Thursday, May 6, 2010

Are You Freaking Kidding Me??????


There is one rule that all men on this entire planet should live by if they don't want to risk the chances of getting their head whacked, their tires slashed or a strong & hard stiletto kick right to the groin! NEVER....AND I MEAN NEVER.....TRY TO GET WITH YOUR EX-GIRLFRIEND'S YOUNGER OR OLDER SISTER!!!!!

I know I'm not the only woman out there who wouldn't agree to any of this and I honestly don't give a rats ass what any man disagreeing with the above has to say. Why? Because regardless of the feelings or emotions involved or how long ago this particular person has been you Ex-girlfriend you never should try to make a move on her sister because it is just plain wrong, disrespectful and not to mention SHADY!!!

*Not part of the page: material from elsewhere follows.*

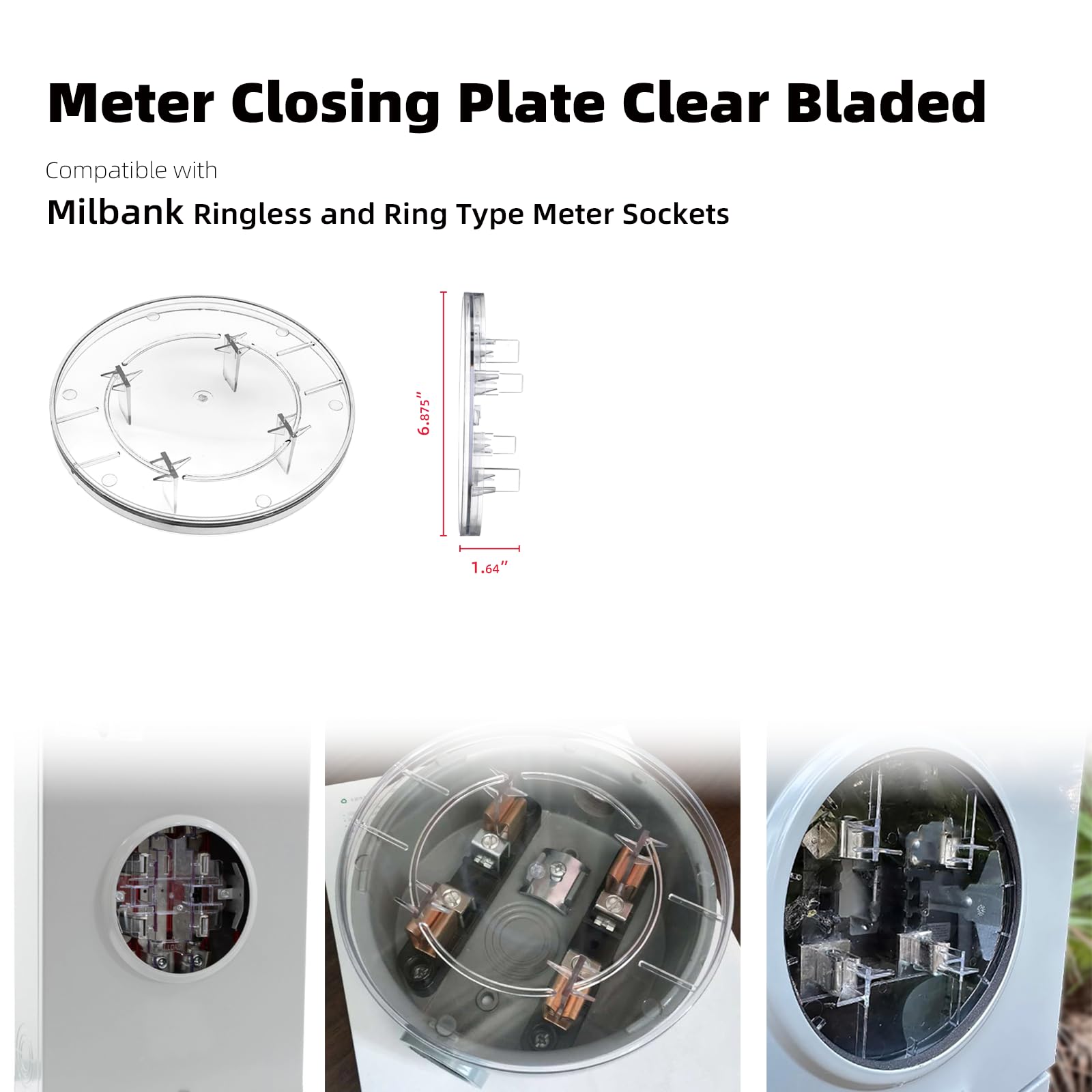 2-Pack Clear Plastic Electric Meter Covers - Compatible with Milbank 6002 Meter Socket, Replacement Cover Plate for Outdoor Electrical Boxes - Weatherproof Protection for Utility Meters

So with this said, words can not describe the anger and embarrassment I felt when my sister called me into her room Sunday evening and showed me a chat box that popped up on her Facebook with a message from my Ex-boyfriend from 7 years ago asking her if she wanted to Chill just her and him. F**king prick!!!! I couldn't believe it at first...it took a few seconds of eye squinting and refocusing to really take in that what I was seeing was in fact real. I was disgusted and so was my sister thankfully.

This was a man who I was in a serious full-blown relationship with for a while and one of the few I actually felt I was in love with. It wasn't a relationship of lust or infactuation.....to me this was real love. And until this past Sunday I had always thought his love for me was always real but now I am definitely having doubts. It sucks that it took 7 freaking years to find this out!!! And what is even worse is that when my sister told him off (believe me I know because I was sitting there staring at her laptop screen like glue on paper.) saying that she was disgusted by him even thinking she'd consider his invite and disrespect me as her sister and that he should have more respect for the past women in his life among other nasty, angry remarks I made her throw in there, he had the nerve to say....wait for it....wait for it.....

"So....I don't understand what the problem is. I haven't talked to your sister in a while now and she's the one who moved on and had a baby with someone else!!"

Are you freaking serious Alex!!!! First of all you are the one who broke my heart and told me you needed f**king space and think not even a week later you were at a night club making out with another bi-atch who looked like a straight up whore from the streets! Then a month later you showed up to my house to pick me and two of my friends up to go out thinking you wanted to try and work things out in a car that didn't belong to you or your family! When I questioned you about it you response was that your Friend let you borrow it and that SHE was going to meet you at the club. I knew it was that BI-ATCH I saw you at the club with but I didn't argue because I didn't want to give you the satisfaction of knowing that you had me like that.

But believe me I wanted more then anything in that moment to punch the s**it out you for thinking that you would get away with having me....the person you claimed to love for so long and your new skanky whore in the same place. Did you think I'd be okay with that?? F**king piece of S**T. 

I had himi drive me and my friends home where I cried uncontrollably all night long from the devastation and embarrassment that my friends were right about you all along and my dumb ass fell for you and believed all your lies.

So you broke my heart and I spent the next month crying my eyes out thinking I wasn't good enough for you or any man and blaming myself for it. You never called after that night to explain things or apologize or anything and expected me to act like it never happen. You just threw what we had down the drains and never looked back.

A month or so later I started dating my daughter's father even though he was no better then you in hopes of being able to forget about you and thinking I didn't deserve better and a few months later I was pregnant. Even though my relationship with my daughter's father is a whole other award winning story that will soon be told there are no regrets and I'd do it all over again if it meant I'd have my little girl. She was the biggest blessing and the best thing to have ever happened to me and whatever man that I might miracoulously let in our lives will not only have to accept that I have a child but be willing to accept that with me he's getting a package of two instead of one.

So regardless of your hatred for that fact that I had moved on or at least tried to and found my happiness with being a mom and my soon to be successful career that's taking off soon....I am going to keep my faith that there are more good men out there then self-fish, cheating, lying bi-atches like you and that the next one I chose to let into my life will be the total opposite of what you are....why? Because after what you put me through along with all the other men in my past.....I DESERVE IT!!! and most importantly....my little girl deserves to grow-up with a good father figure and watching her mom grow old happy.

So a special message to you Alex (you know who you are so I'm not going to put your last name here): Stay the f**k away from my sister and close friends and if I ever find out you tried to disrespect me or my sister like that I again I will blow the S**t off your horn and make sure the whole world knows what a disgusting pig you are! I feel bad for your family because if they knew what you tried to do they wouldn't be proud.

And to all my followers and readers...I apologize for my profanity...trust me I barely curse unless I am really pissed off and this is a very good reason to be pissed off in my book!